Wednesday, January 16, 2013

Soot, Diesel, and the Black Carbon Problem

Image via Wikipedia

While the study  is not yet published and will probably be behind a paywall when it is, the abstract is pretty clear:
However, global atmospheric absorption attributable to black carbon is too low in many models, and should be increased by a factor of almost three.[...]
Thus, there is a very high probability that black carbon emissions, independent of co-emitted species, have a positive forcing and warm the climate. We estimate that black carbon, with a total climate forcing of +1.1 W m-2, is the second most important human emission in terms of its climate-forcing in the present-day atmosphere; only carbon dioxide is estimated to have a greater forcing.
 Some 7.5 million tonnes of soots are released into the atmosphere  each year, coming from cooking fires, open burning (like clearing land or wildfires) and diesel engines. This means that there's actually room to reduce soot production, with diesel engines producing about 70 percent of the soot emissions in Europe, North America, and Latin America. In Asia and Africa, wood burning domestic fires make up 60% to 80% of soot emissions. Coal fires are also a significant source of soot in China, parts of Eastern Europe, and former Soviet bloc countries.
Coal, one of the great evils in fuels, should already be seeing its use cut.

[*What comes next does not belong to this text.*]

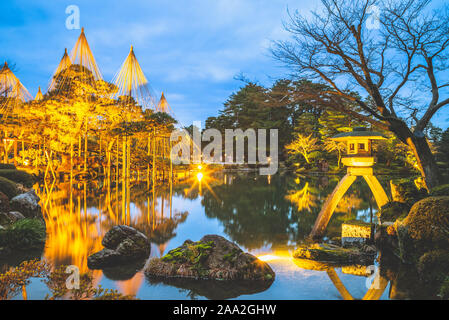 Nacht, die sechs Attribute Kenrokuen Garten in Kanazawa, Japan Stockfoto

Trimming diesel use would also provide other health benefits, as micro-particulates emitted from diesel engines have been linked to a number of respiratory ailments. And the whole cook-fire issue is another reason added to the heap of reasons for bringing the undeveloped world forward.
So bad news: soot is worse than we thought--by a whole lot. Good news? Soot production is something that could potentially be managed. Not that I expect we will....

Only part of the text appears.